Est-ce surtout Star Wars ?
La SF ratisse large. Pour les puristes, Star Wars relève de la fantasy, un genre d’épopée merveilleuse digne des chansons de geste médiévales où on a remplacé les épées par des sabres lasers, les fiers destriers par des vaisseaux spatiaux et les philtres magiques par l’invocation d’une mystérieuse force. Mais pour monsieur tout-le-monde, la SF c’est d’abord les films à grand spectacle, aux effets spéciaux de plus en plus sophistiqués. Les rêves d’exploration lointaine, les prouesses techniques démesurées, les rencontres avec des espèces extraterrestres sont autant de thématiques liées à la SF qui appellent une illustration par l’image. De fait, la plupart des films de SF qui ont marqué leur époque se sont imposés comme des chocs esthétiques. Je pense à Blade Runner, vision d’un futur urbain à la fois sombre et coloré, qui ravit aussi bien l’œil que l’esprit, en s’emparant d’une question philosophique par excellence : qu’est-ce que l’Homme ? Le film est tiré d’un roman de Philip K. Dick, aujourd’hui considéré comme un des auteurs les plus marquants de la seconde moitié du XXe siècle, au-delà même du genre. Littérature pleine de bruit et de fureur qui cultive la fascination pour le grandiose, l’outrance, le spectaculaire, la SF est un extraordinaire laboratoire d’idées qui ose envisager tous les possibles, pour le meilleur comme pour le pire. Même s’ils n’ont pas acquis une notoriété aussi grande et un lectorat aussi large que les écrivains reconnus, les auteurs de SF exercent une influence majeure sur les imaginaires contemporains, surtout sans doute à travers les transpositions et adaptations de leurs œuvres dans les autres médias.

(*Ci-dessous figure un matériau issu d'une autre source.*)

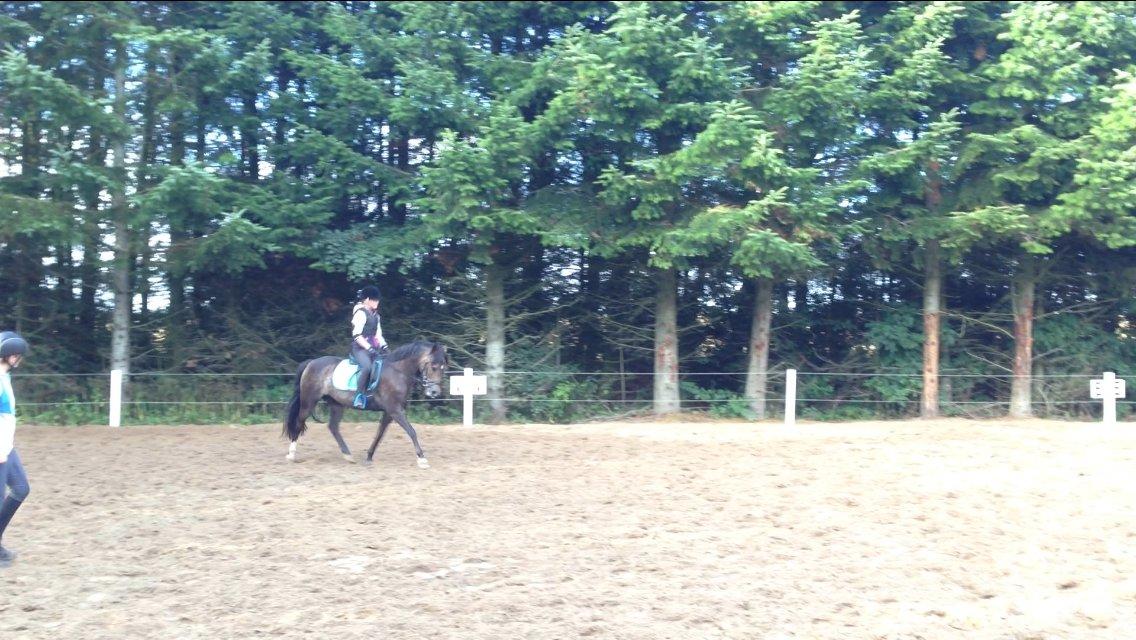 New Forest Marrondales Floyd billede 15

« L’une des raisons de l’audience somme toute modeste de la littérature de science-fiction tient peut-être à un déficit de culture scientifique et technique dans nos sociétés. »

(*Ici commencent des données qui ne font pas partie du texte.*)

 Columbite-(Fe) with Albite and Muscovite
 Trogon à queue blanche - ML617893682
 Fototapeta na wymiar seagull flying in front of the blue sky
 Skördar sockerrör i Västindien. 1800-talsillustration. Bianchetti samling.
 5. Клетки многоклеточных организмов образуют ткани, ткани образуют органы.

Il n’y a pas que les livres, il y a aussi les BD, le cinéma, les jeux vidéo, les séries télé…
L’ambition de recréer tout un monde est au cœur de la démarche de nombreux auteurs de SF. On a même parlé de livres-univers, par exemple à propos de la saga Dune de Frank Herbert, où la religion, l’écologie, la politique, la génétique… sont minutieusement détaillées. L’œuvre a été adaptée pour le cinéma, la télévision et le jeu vidéo. Les univers de la SF, lorsqu’ils sont suffisamment riches et complexes, constituent en effet une source de prédilection pour les scénaristes de séries télé comme pour les concepteurs de jeux vidéo. Ces formes médiatiques, qui inscrivent le récit dans la durée et dans une multiplicité de développements, requièrent en effet un arrière-plan suffisamment solide et foisonnant pour qu’on ne s’y ennuie pas. Poussant jusqu’au bout la logique qui consiste à recréer un univers de toutes pièces, la SF a même investi le terrain de l’histoire pour la réécrire. Inventée au milieu du XIXe siècle par Charles Renouvier, « l’uchronie » est une histoire parallèle à la nôtre où un événement ou un facteur clé aurait pu faire basculer le destin. Ces mondes parallèles développés par les auteurs de SF ont aussi inspiré les jeux vidéo. De façon étonnante, la recherche historique s’est à son tour récemment emparée de l’outil forgé par Renouvier pour explorer et discuter, sous le nom d’histoire contrefactuelle, le poids de tel ou tel facteur sur la trame des événements. Il faudrait aussi évoquer les mangas, mais cela pourrait constituer un autre article.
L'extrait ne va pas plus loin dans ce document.